About 250 members - known for their salmon-and-egg-coloured ties - including Sir Robert Atkins, a former minister for sport, and Sir Nicholas Macpherson, the permanent secretary to the Treasury, were awakened rudely from their post-lunch snooze when it was announced that seats in two renovated stands at Lord's would be smaller than normal.

The Times reported that they will argue at the club's annual general meeting on 6 May that, "in this age, with people generally being larger, it is unconscionable that the club should provide less".

Last year, said The Times, the leg-room lobby campaigned for 900mm seats in the rebuilt Warner stand — and won.
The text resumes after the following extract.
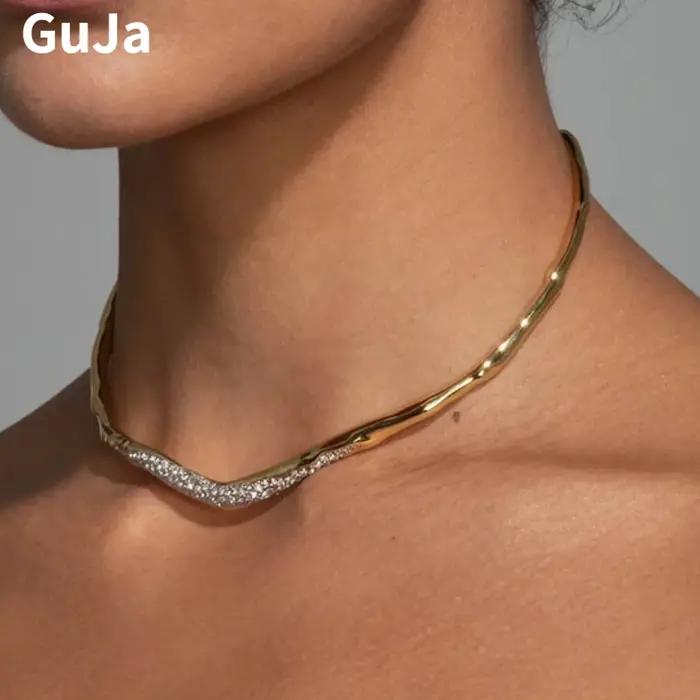 Bijoux modernes Design européen et américain en verre avec collier irrégulier en métal pour femmes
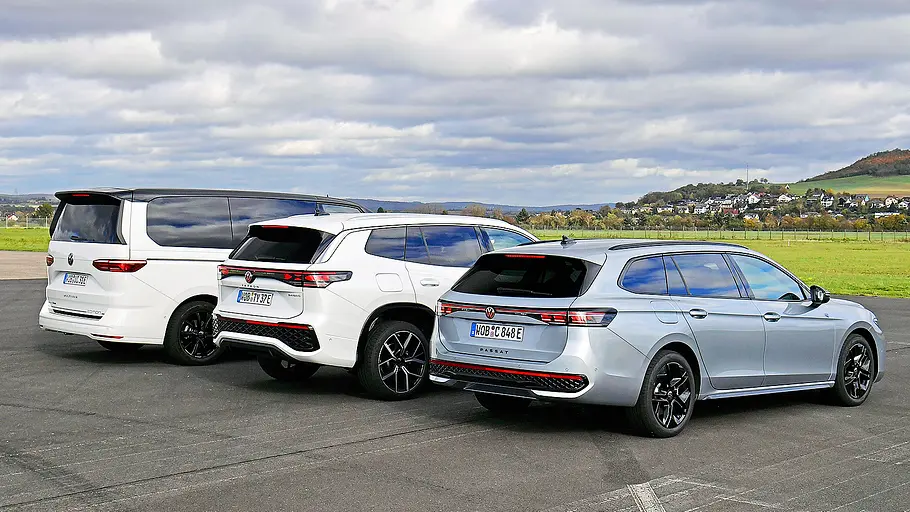 Blick von schräg hinten auf den VW Multivan, VW Tayron und VW Passat.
Yet the club argues that a reduction in seat size could mean an additional 330 spectators being accommodated in the rebuilt Tavern and Allen stands.

A spokesman for MCC said that the new seats would be "extremely comfortable" and that the seating gradient would be greater so that a spectator's knees would not be digging into the back of the person in front. "We have had loads of complaints from members who do not want to be emailed privately by the requisitionists," the spokesman told The Times.